Loads of Learned Lumber

Sunday, April 20, 2014

Kent Haruf, _Benediction_

KENT HARUF'S HOLT, Colorado will never be mistaken for Yoknapatawpha or Macondo, not having the gothic cobwebbed corners of the one nor the colorful magical surprises of the other, but over the course of five novels it has become a recognizable literary terrain. The people of Holt are taciturn, hard-working, hard to impress, reluctant to voice their own complaints and not particularly patient in listening to yours. They keep expectations low.  No one gets something for nothing--that notion may fly in Denver, but not out here, thanks very much.

The Holt mood lightened a bit with Plainsong. (You can tell a hard-core Harufian by his or her relish for the first two novels, the nearly comfortless The Tie that Binds and Where You Once Belonged.) In Plainsong, there was the possibility that things might work out, or kinda sorta work out, at least temporarily, as in this passage of dialogue (Haruf eschews quotation marks) from Benediction:

   All life is moving through some kind of unhappiness, isn't it.
   I don't know. I didn't used to think so.
   But there's some good, too, Willa said.  I insist on that.
   There are brief moments, Alene said.  This is one of them.
   They looked at Lyle sitting quietly, his swollen face shining in the sun coming in the window.

Lyle is the Rev. Rob Lyle, a minister with a shaky family situation who has been exiled to Holt for being too outspoken in the pulpit; he continues to be outspoken in Holt, preaching a sermon against the Iraq war, gets beaten up for it (hence the swollen face), and his family comes altogether unglued. Alene is a teacher who had to retire early because an affair with a married man was discovered; she has moved back home with her long-widowed mother, Willa. Both have taken an interest in eight-year-old Alice, whose mother has recently died of breast cancer and who now lives in Holt with her grandmother, Berta May.

Berta May lives next door to the Lewises, who are also elderly; "Dad" Lewis is dying of cancer, and the arc of his last summer gives the novel, which hardly has a main character as such, its spine. His daughter Lorraine has returned to Holt to help her parents, temporarily leaving a fairly useless and unappealing husband in Denver to fend for his sorry self (their daughter would now be in her early 30s, but she died in a car accident as a high school student). Dad's thoughts revolve more around his son, though--Frank, who is gay, and who left home under a cloud decades ago and has not been heard from in many years.

Even with all this pain--and there is more that I did not get around to--Benediction somehow lives up to the fluffy, sunlit cumulus cloud on its cover. As its liturgical title suggests, there is enough grace circulating to somehow get us by.
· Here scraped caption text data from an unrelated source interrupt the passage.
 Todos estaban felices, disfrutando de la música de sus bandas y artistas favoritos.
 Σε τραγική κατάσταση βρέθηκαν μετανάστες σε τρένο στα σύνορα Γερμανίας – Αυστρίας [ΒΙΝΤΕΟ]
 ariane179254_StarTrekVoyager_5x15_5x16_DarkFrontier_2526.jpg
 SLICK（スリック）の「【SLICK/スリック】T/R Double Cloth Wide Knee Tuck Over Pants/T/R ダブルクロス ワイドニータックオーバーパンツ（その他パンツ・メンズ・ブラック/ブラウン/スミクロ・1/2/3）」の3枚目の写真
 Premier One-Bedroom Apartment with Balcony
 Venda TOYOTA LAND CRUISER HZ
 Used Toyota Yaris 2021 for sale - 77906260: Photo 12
Dad Lewis, as he dies, is visited by (or hallucinates) Frank, his parents, the widow of an employee who committed suicide after Dad caught him stealing, and others whom he may have wronged, and seems to be honestly examining his own conscience; he gets to tell his wife and daughter that he loved them, however little he got around to saying so.  Rev. Lyle's son almost commits suicide, but hesitates, and is saved; little Alice is lost, then found.
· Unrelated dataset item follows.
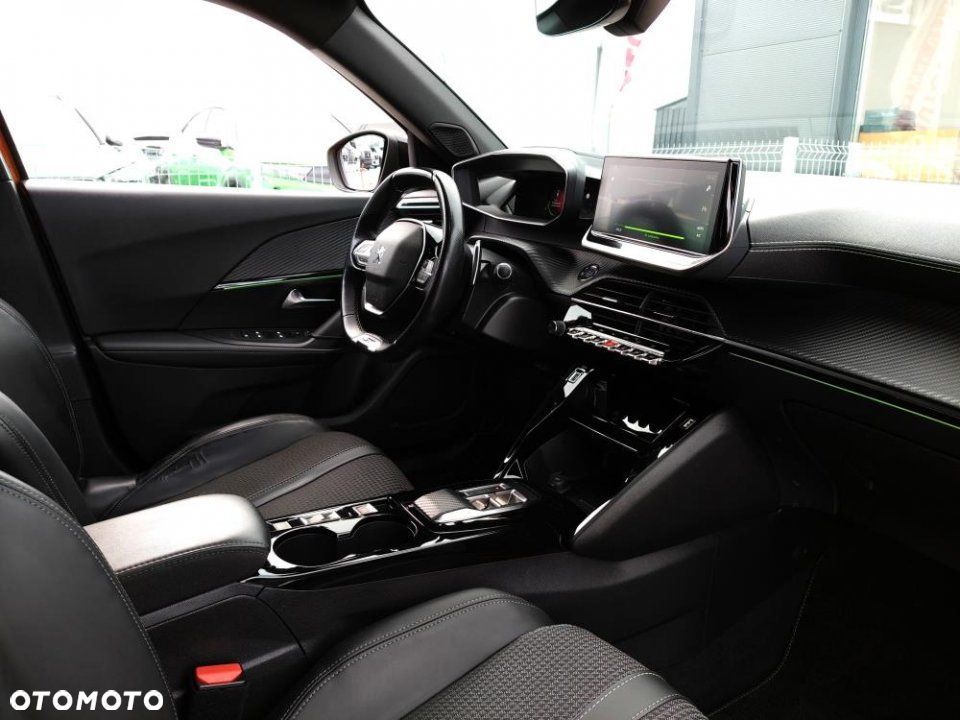 Peugeot 2008 - 21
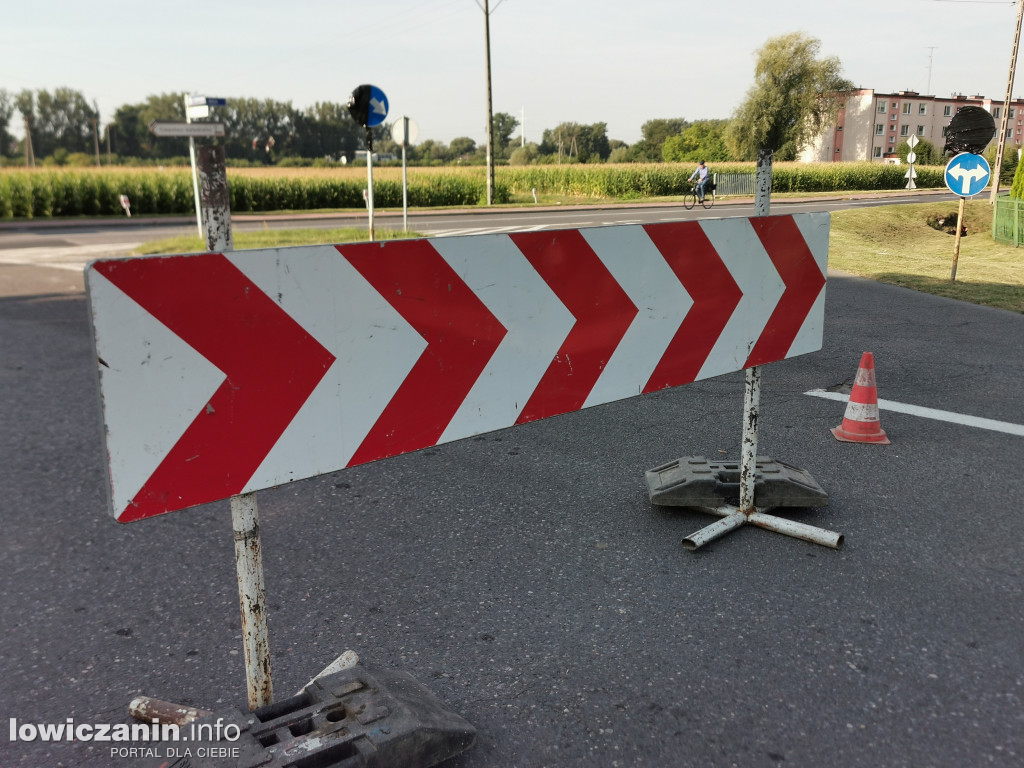 Drogowy tor przeszkód na łowickim Blichu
Most remarkably, in chapter 29 there is a kind of baptism, as Lorraine, Willa, Alene, and Alice take the opportunity one baking hot afternoon to skinny-dip in a cattle pond. You have to take your blessedness where you can find it, in Holt or elsewhere, and the joy of these three women and one girl  as their bodies hit the thrilling cold of the water makes for one of the great scenes in recent American fiction.